The administration. i.e. the Executive branch. No, I’m serious, that’s why it’s called the administration/executive. There is really no need for the Legislative Branch to be in session any longer than it takes to pass the legislation necessary to protect the public interest. And specially if they’re not being particularly attentive, as in this case, you may want to limit their chances to do more damage.
OK, lemme explain: there are a (smaller by the decade) number of states of the USA whose legislatures only sit in Regular Session once every other year. In these states, the State Budget runs for TWO fiscal years.

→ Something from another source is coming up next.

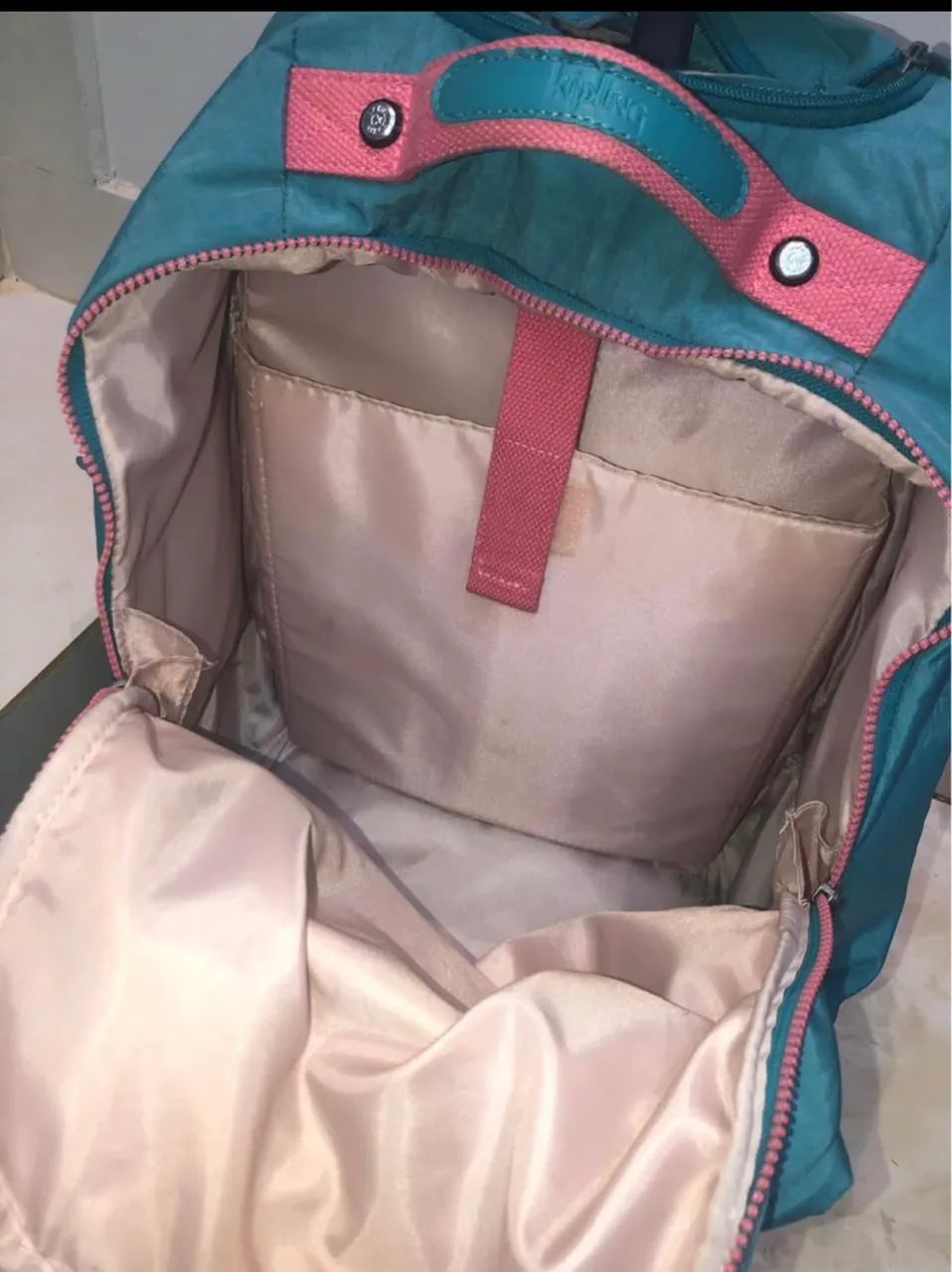 Mochila Kipling Original  - Foto 2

During that single Regular Session, say in the spring of the odd-number year, the legislature passes the State Budget as well as attempts to pass such legislation as they understand necessary.
Once they’re done with that, for the rest of the term they meet only in Special Session, which most often is called discretionally by the Governor, or in some cases can be requested by petition of a majority of legislators, and in which cases the agenda of the session is limited to the specific bills for which it was called. During that recess term the *committees * of the Legislature can still meet, for the purposes of oversight and to conduct hearings and inquiries. But you do not pass laws except in Session.

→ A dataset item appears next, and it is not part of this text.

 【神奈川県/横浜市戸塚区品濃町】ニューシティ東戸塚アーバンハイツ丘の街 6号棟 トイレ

In some other States, there’s annual sessions but one may be longer, where the legislature meets for the budget, platform planks, statewide legislation, bills that may generate debate, etc. while in alternate years there’s just the budget, bills that affect localities, and noncontroversial housekeeping. And variations thereof.
Only a mere handful of states have officially"full time legislatures" in the style of the Federal Congress, that sit in both Fall and Spring terms and require the member to quit any other job. Of course, as society and government became more complicated, the legislators in many states found that in addition to their lawgiver functions they also had to do a lot of oversight, citizen advocacy, mediation, civic booster, etc. so for a majority of the states nowadays the legislator is serving the public in all seasons. But still, most of them have the actual Regular Session, where Bills are passed, run only about half the year, with the rest being dedicated to committee work and District-Office citizen-service work.
That said, it is parliamentarily correct that the inadvertent omission or inclusion of a word that causes a change of the substantive meaning of the statute, is something that cannot be dispensed with as a mere grammatical correction. It requires amendment by the legislative process.
Now, I’m pretty sure that if someone attempts to take undue advantage of this mistake, someone at the State AG office will discreetly advise some official at the proper level to take one for the team and flout the law. Then Hubert will have to sue the official/agency to make them write the marriage license for him and Lolita, and the AG and the Arkansas courts will be delighted to take the case… and drag it out (under an injunction for no other licenses to be issued under the new rules until it’s resolved) for as long as it takes for the Legislature to moot the issue.